A company with liabilities out of plain view is, for example, the derivatives king J.P. Morgan. In recent years, J.P. Morgan has managed to get its name in the paper often. The context is almost always the same – a large company or sovereign nation goes bankrupt and there, prominent among the list of major creditors is J.P. Morgan. The company seems to have a nose for sniffing out bad credit risks combined with an irresistible urge to lend them money.

So, we would not be terribly surprised to discover that J.P. Morgan eventually costs investors a lot of money. Not that we know anything you don’t know, dear reader. But if the company wanted to blow itself up, J.P. Morgan has had access to plenty of HAZ MATS, as they call them on the highways – not the least of which are its derivative trades.

According to the Bank of International Settlements, exchange-traded derivatives grew by 31% since Long Term Capital Management blew itself up. The ‘over the counter’ derivatives market, meanwhile, approaches $100 trillion dollars.
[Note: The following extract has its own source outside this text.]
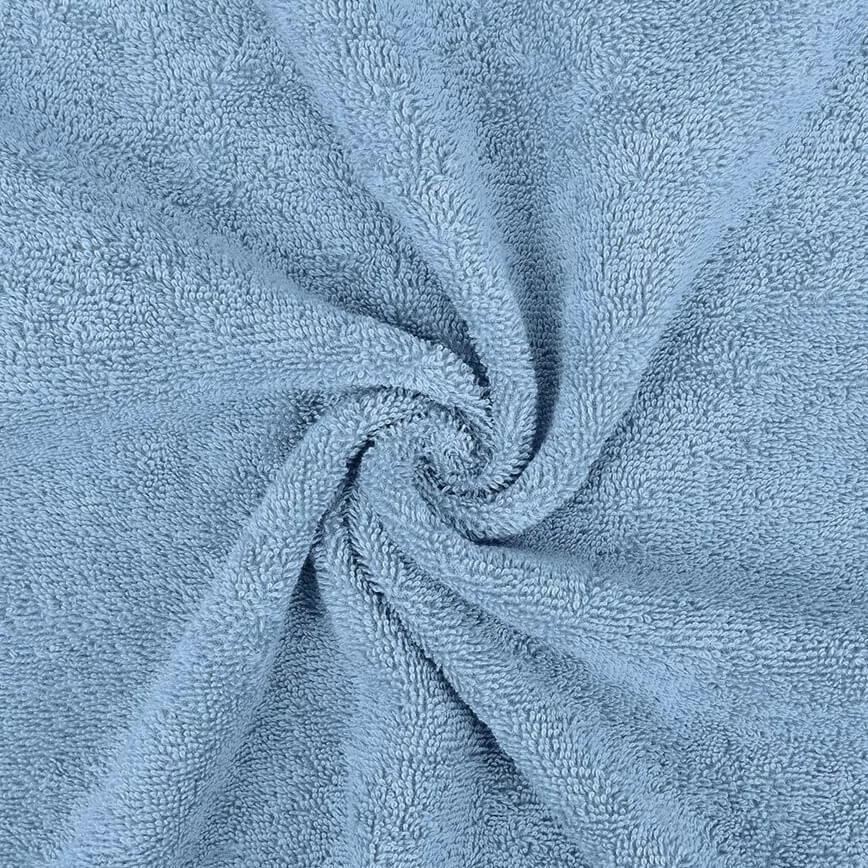 Tissu éponge en coton Fibi - Bleu Bordé-1 Tissu éponge en coton Fibi - Bleu Bordé-1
Martin Mayer says that derivatives are a way of shifting risk to the dumbest guy in the room. J.P. Morgan, of course, has some of the sharpest traders on Wall Street. But then, so did LTCM.

An analyst, caught by the ear and brought before a committee of politicians to explain why he had recommended Enron, made an arresting argument. His inquisitors had forbidden him from using inside information, he explained. That would have been against the law. But the information available to the public – that is, the pronunciamenti from the PR departments and CEOs – all said Enron was doing just fine. Who was he to argue with them?

Alas, being an analyst is hard work again. For a few years, it was a celebrity sinecure – with nothing more backbreaking than appearances on CNBC and lunches with media hacks. But now, they’re being asked to actually do analysis!

And almost no matter where they look, they are likely to find candidates for the ‘next Enron’ competition.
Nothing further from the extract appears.